Other C64-related stuff -> http://www.cs.tut.fi/~albert/Dev/

PuZip

PuZip version 1.13 (20.12.2004) - ZIP compressor for C64. Sources: puzip.asm.gz, puzip.c

See also: gunzip, GZ/ZIP decompressor.
See also: Burst -- C64 burst modification.


Features


Introduction

Some discussion in comp.sys.cbm or the cbm-hackers mailing list late 1998 or early 1999 pondered the problem of having a ton of different archivers for commodore systems and the systems used to manipulate the files. More and more people store and maintain their software collection somewhere else than their original 5.25" disks.

A number of solutions exist for transferring data from e.g. a PC into a 1541 disk so that path is no longer a problem. GunZip.c64 and UnZip64 can even handle the decompression of GZIP and ZIP files on the C64 or C128 if necessary. But it still has been a real pain to transfer files from commodore systems to the outside world for some people. Creating lynx files on the C64, transferring this through a machine to another machine to dearchive the packet and rearchiving it as ZIP is unnecessarily troublesome.
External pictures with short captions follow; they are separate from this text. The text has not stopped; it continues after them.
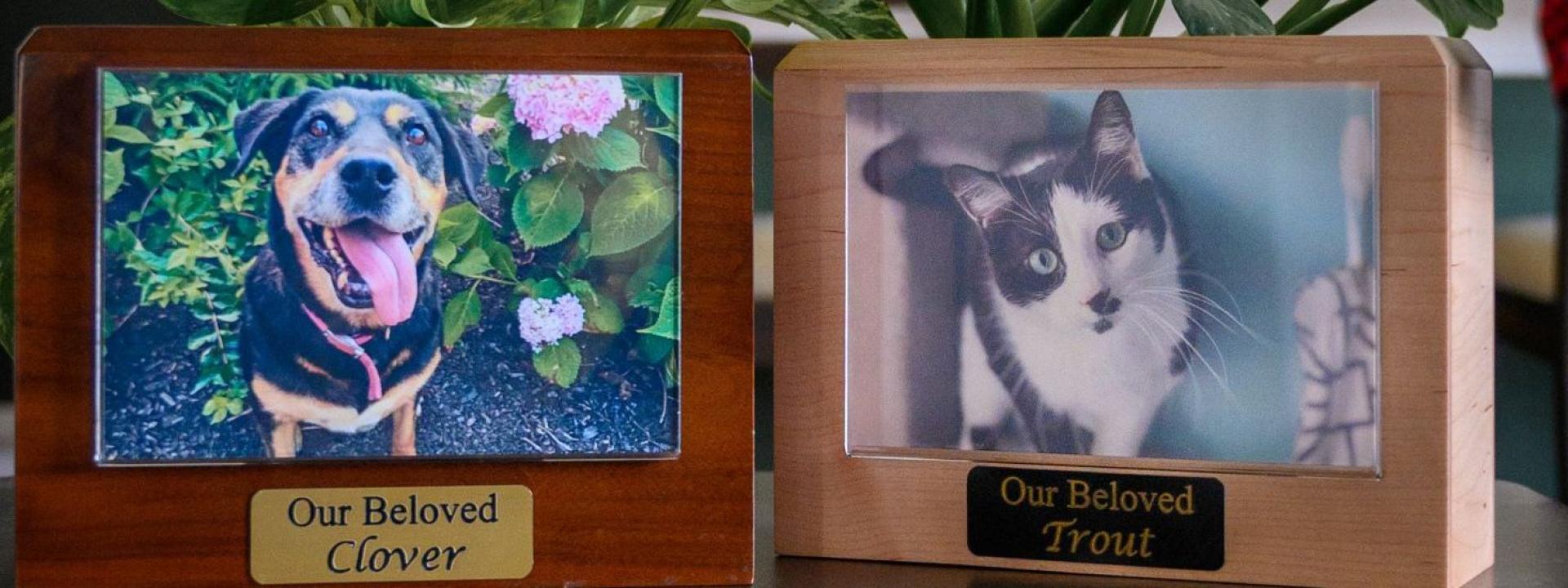 pet memorial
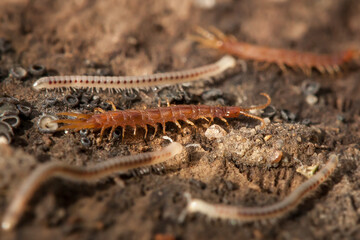 myriapods on rotten wood, Myriapoda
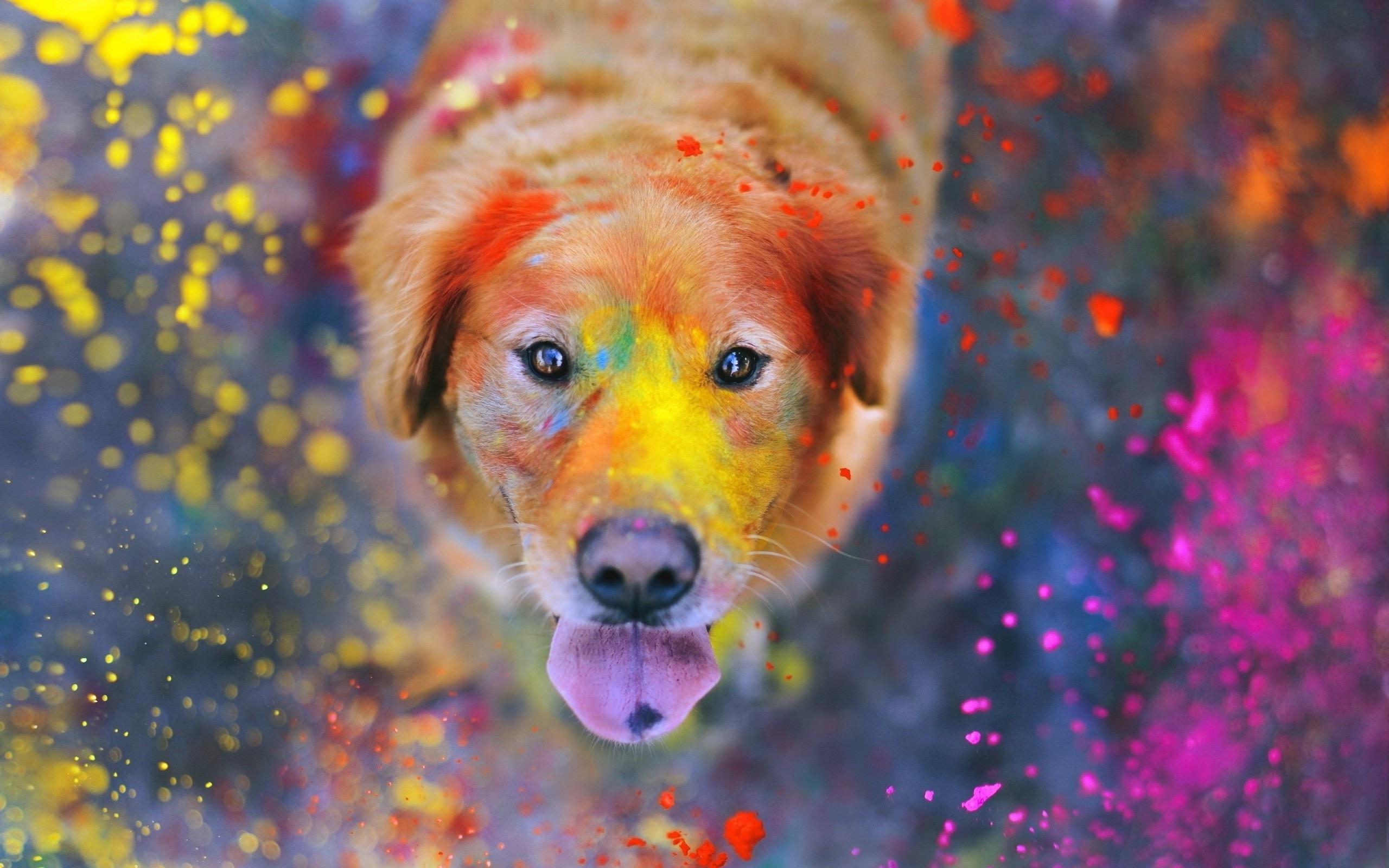 2560x1600 Wallpaper Colorful, Cute, Golden Retriever, Playful:2560x1600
The discussion, if I remember anything about it correctly, tried to find a common format for all commodore files. Someone contemplated writing a ZIP archiver (not necessarily compressing) for C64 to help eliminate redundant and proprietary formats. Unfortunately nothing ever came of it. When the idea was mentioned again, I decided to take a look into it.

I started December 11th 1999 by writing a C-language skeleton and after a couple of nights got it working so that all the offset fields were calculated correctly. Without the correct offsets unzip's in other systems may not want to decompress the files although GunZip.c64 and UnZip64 may decompress then without a hitch.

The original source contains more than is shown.